--- Given information ---

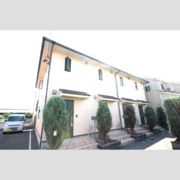 プラッサムコートKI B棟の外観画像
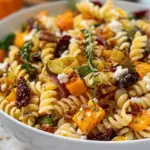Fall Harvest Pasta Salad: 7 Reasons You’ll Crave It
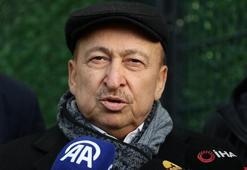 Gaziantep FK Başkanı Memik Yılmaz: Gaziantep bu kadar sahipsiz değil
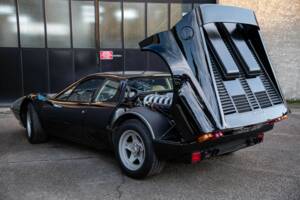 Bild 36/50 von Ferrari 512 BBi (1984)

---

> **Required action**
Could you copy each line above exactly as written, minus any pictures?

> **Solution for this problem**
 プラッサムコートKI B棟の外観画像
Fall Harvest Pasta Salad: 7 Reasons You’ll Crave It
 Gaziantep FK Başkanı Memik Yılmaz: Gaziantep bu kadar sahipsiz değil
 Bild 36/50 von Ferrari 512 BBi (1984)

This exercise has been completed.